- **YOUR GOAL**
Set down, exactly and with nothing added, the lines running from the one that holds "Թուրքիան ուժեղացնում է ռազմական ներուժը" to the final line of the records. Pictures stay out of the copy.

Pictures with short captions
· · ·
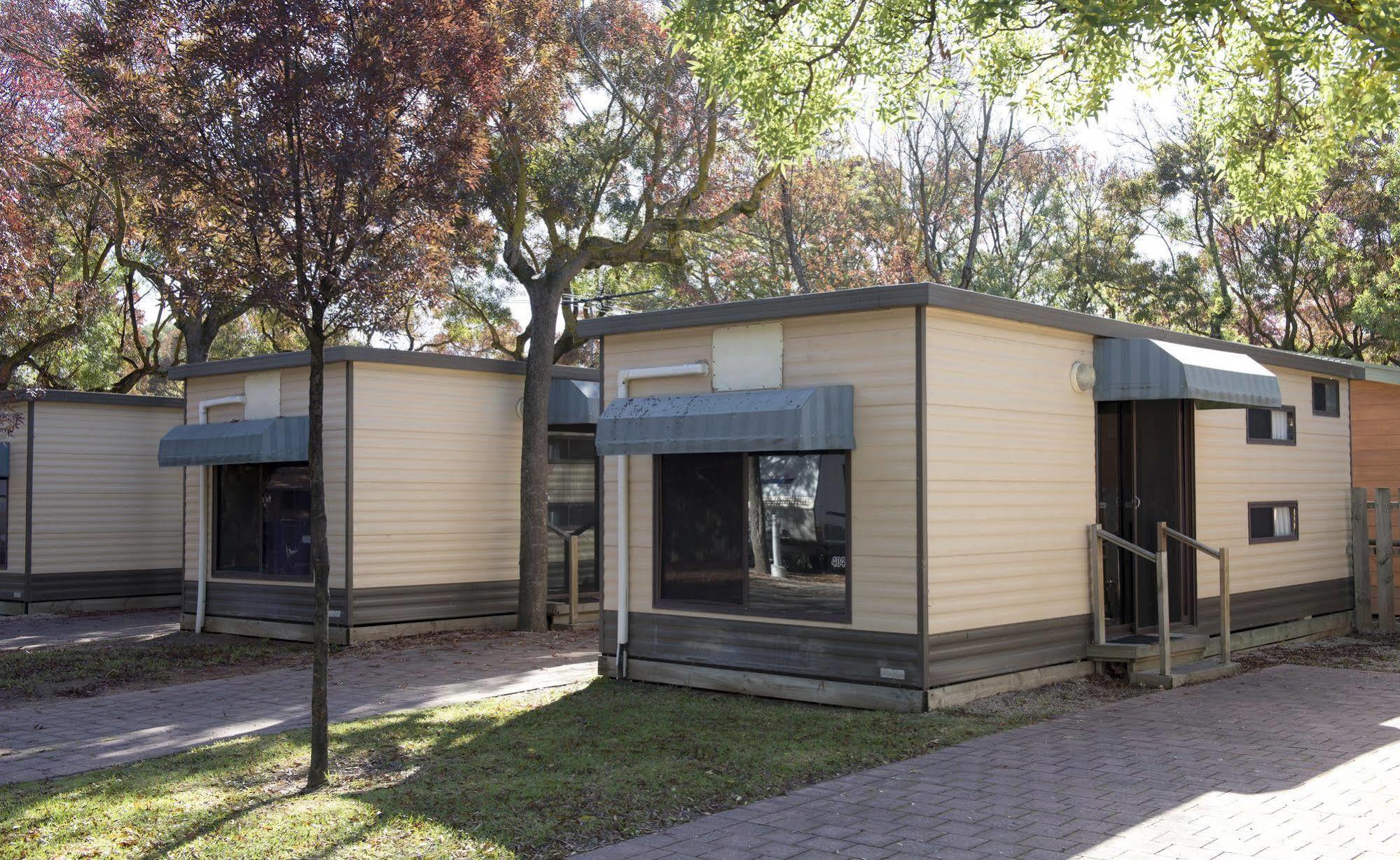 Adelaide Caravan Park - Aspen Holiday Parks Eksteriør bilde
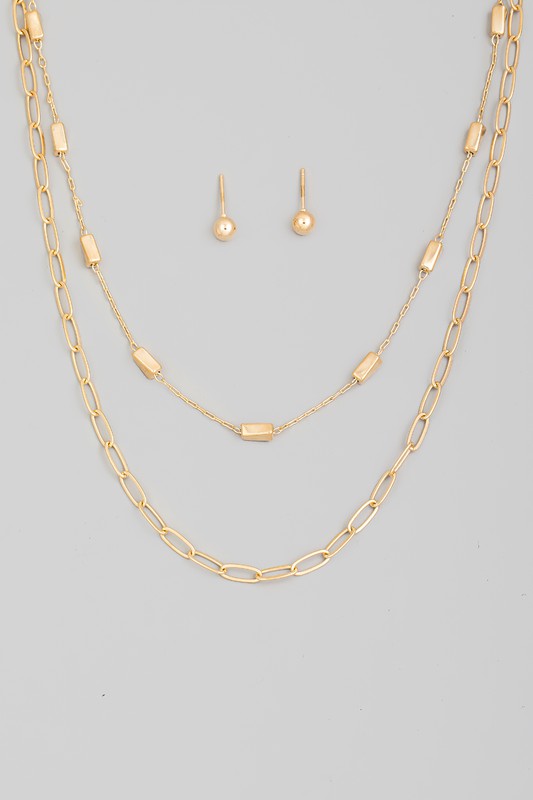 Helena Necklace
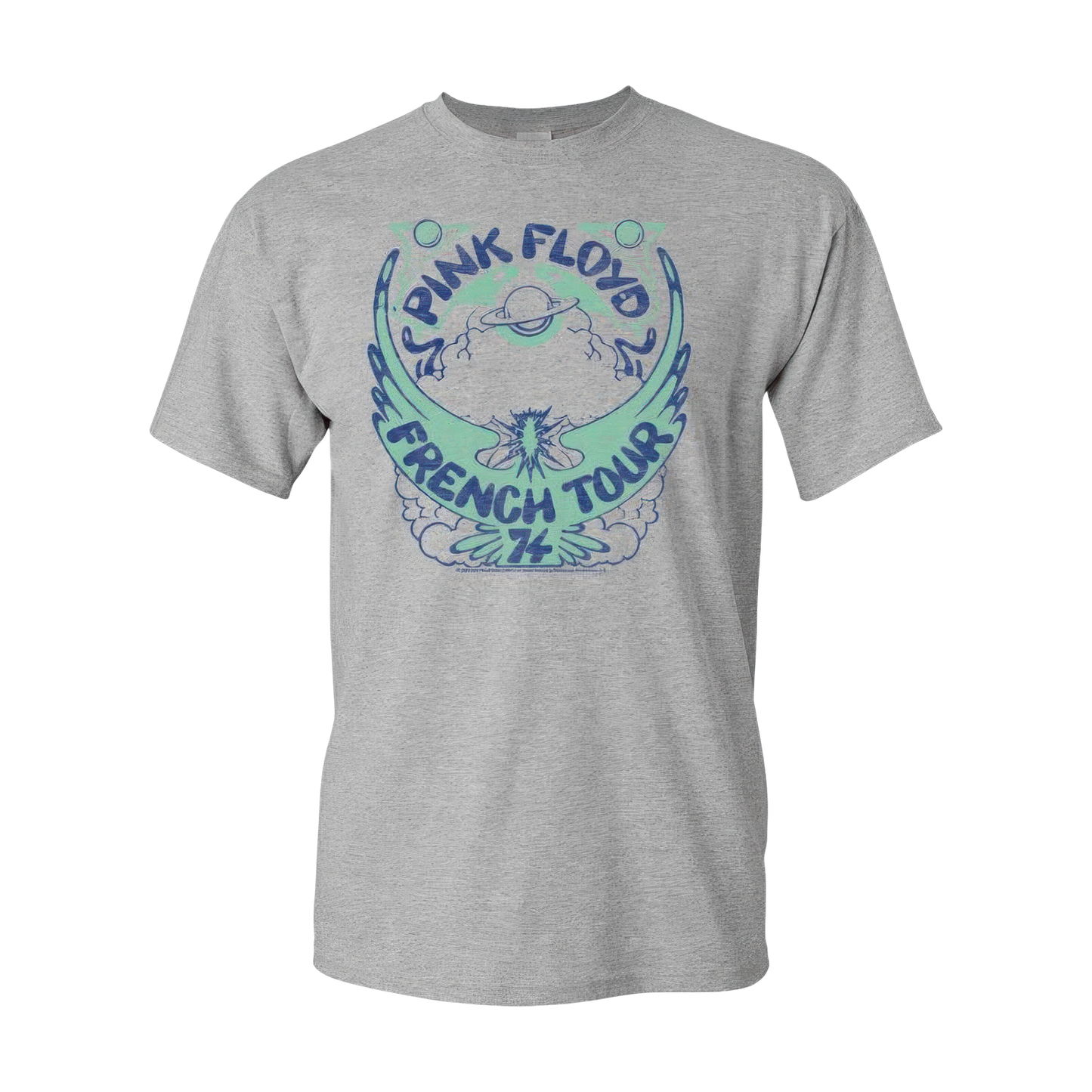 French Tour '74 T-Shirt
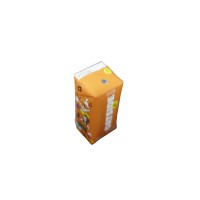 Emballages en carton recyclé ThPak Aseptic 250S pour jus, collations, thé, boissons énergisantes, boissons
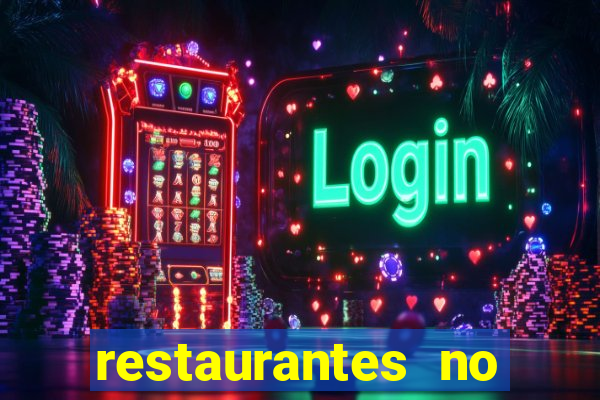 restaurantes no iguatemi porto alegre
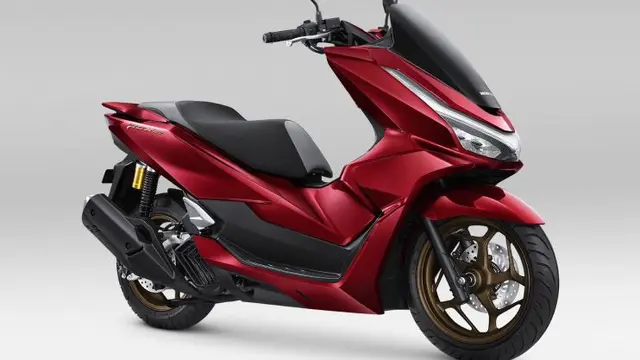 Resmi Mengaspal, Honda PCX160 Baru Dibanderol Mulai Rp 33,750 Juta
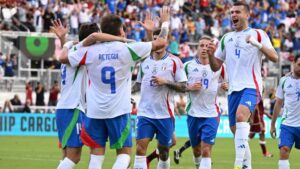 Italia đang trong giai đoạn tìm lại chính mình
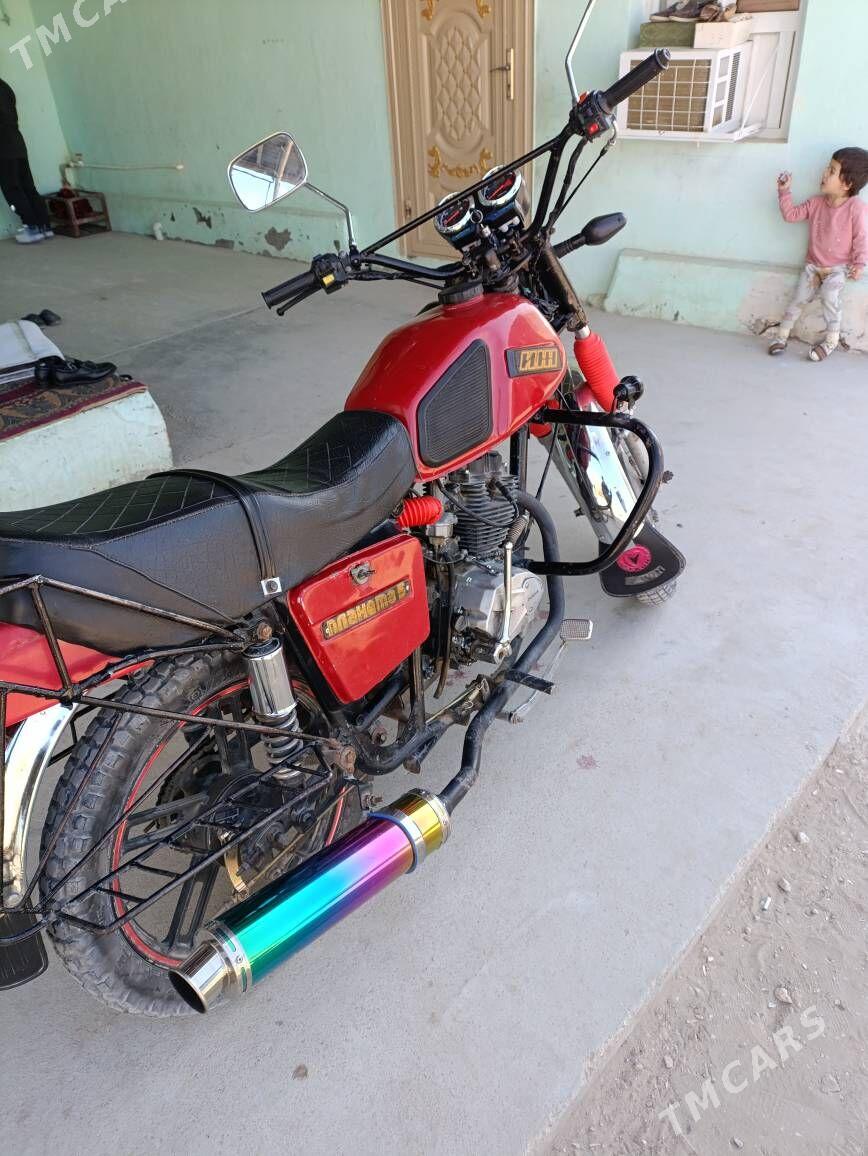 Iž Planeta 5 1995 - 14 000 TMT - Балканабат - img 4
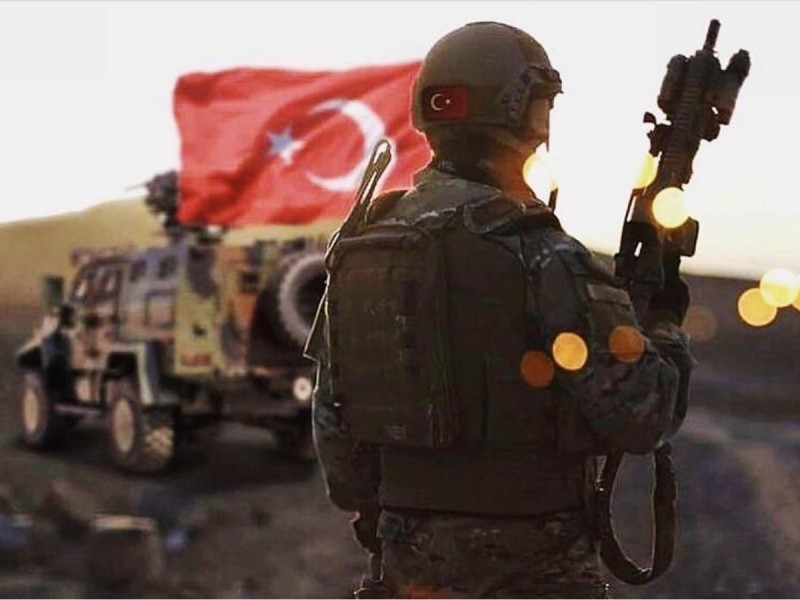Թուրքիան ուժեղացնում է ռազմական ներուժը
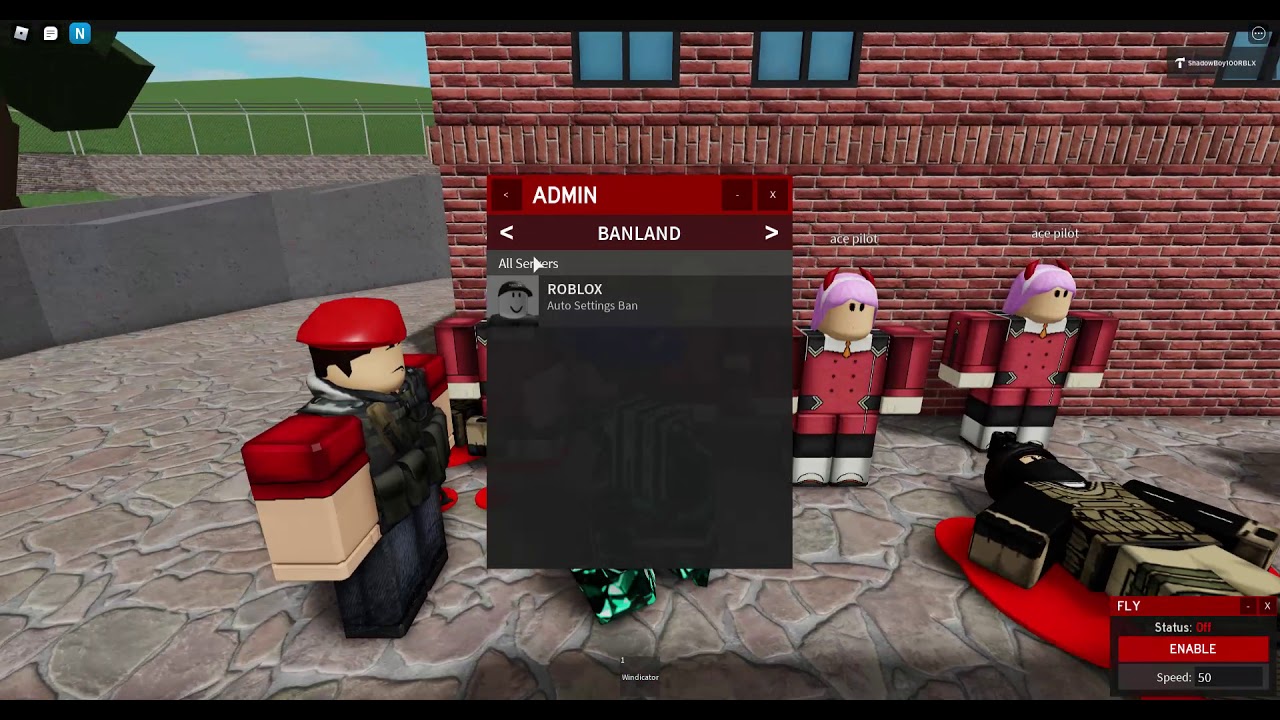 Roblox Hack Admin Script Working 2021 Unpatchable Op Works In Any Roblox Game Youtube - roblox hack admin script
· · ·
- **TASK ANSWER**
Թուրքիան ուժեղացնում է ռազմական ներուժը
 Roblox Hack Admin Script Working 2021 Unpatchable Op Works In Any Roblox Game Youtube - roblox hack admin script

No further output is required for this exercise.